There is a final complexity surrounding PrEP that Dr. Landovitz feels should be a serious caveat to its widespread use. This is a matter of how AIDS treatment is represented by pharmaceutical companies and thus perceived in the community more broadly. "As HIV meds have gotten better tolerated, a lot of the toxicities of HIV treatments have become less of an issue—they're still there, but nowhere near what they were ‘back in the day.’ Pharmaceutical industry ads show HIV positive people hang-gliding, sailing—and that’s terrific, because these medications do save lives; however, the ads minimize the impact of taking meds.
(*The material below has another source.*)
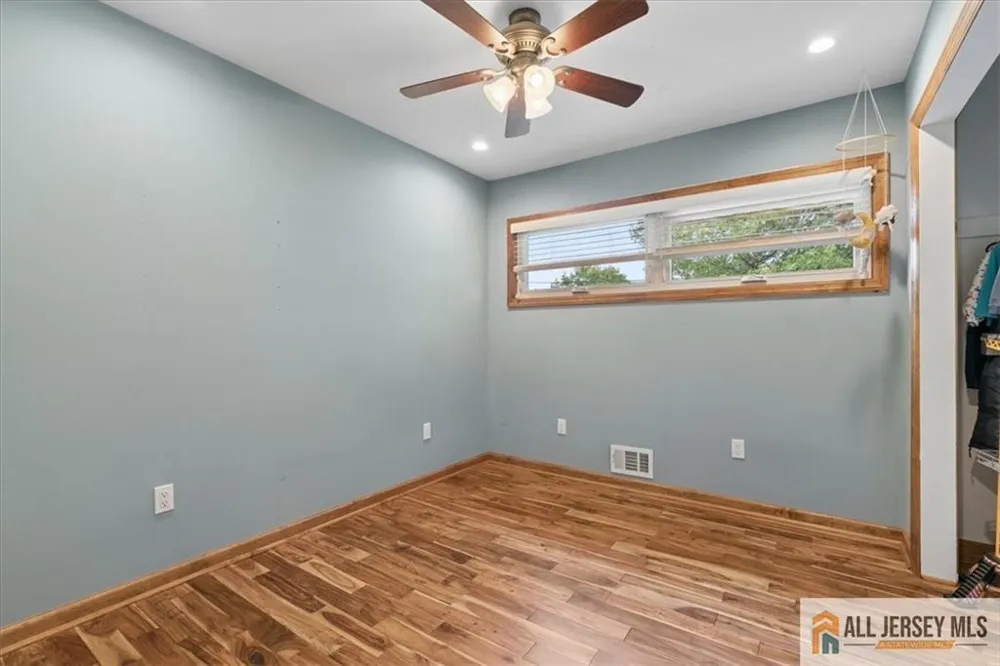 9 Bucknell Road Old Bridge, NJ 08859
So I fear there’s a perception among young, sexually active gay men that weren’t around in the old days of the epidemic, that it’s not a big deal to get HIV. Anyone advertising these drugs in this way does a disservice to the community, because even though AIDS treatment has gotten better, it's still not something you’d wish on someone."
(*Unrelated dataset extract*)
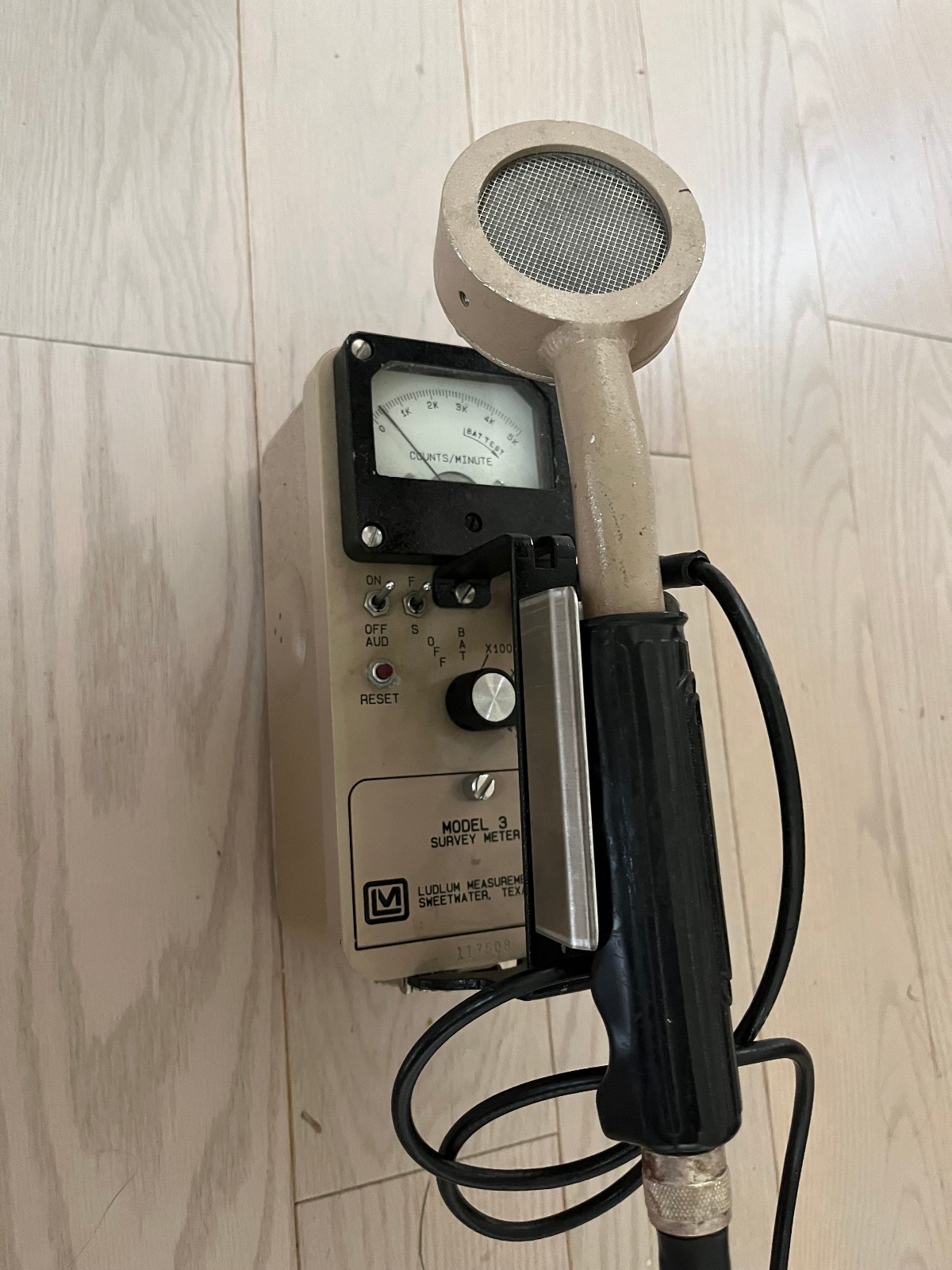 Ludlum 3 survey meter geiger counter radiometer 44-9  probe warranty gwi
In short, a condom is still, in the end, the very best option. As Dr. Landovitz weighs the various options, "PrEP is potentially exciting for parts of the world where for example, women don’t have right or ability to refuse sex or unprotected sex. Or for people who use condoms, but want an extra measure of protection on top of that. So, put this with PEP and circumcision and microbicides as one on a menu of options that may help to reduce infection in different combinations in different populations, but where we really need to understand how they will work and where each will be the best solution." For the U.S., the future of PrEP needs to be kept in perspective. "If PrEP proves effective in clinical trials," Dr. Landovitz says, "people will be very excited to use it. But we need to be very clear that it will never be an alternative to condoms, and no matter what the studies show should absolutely not be thought of as an alternative to them. Rather, it may, if serious clinical trials pan out, be a potential supplement to condoms."
In short, the condom is still the most effective method of preventing HIV infection. Go out and buy some fresh ones now, while it's on the top of your mind.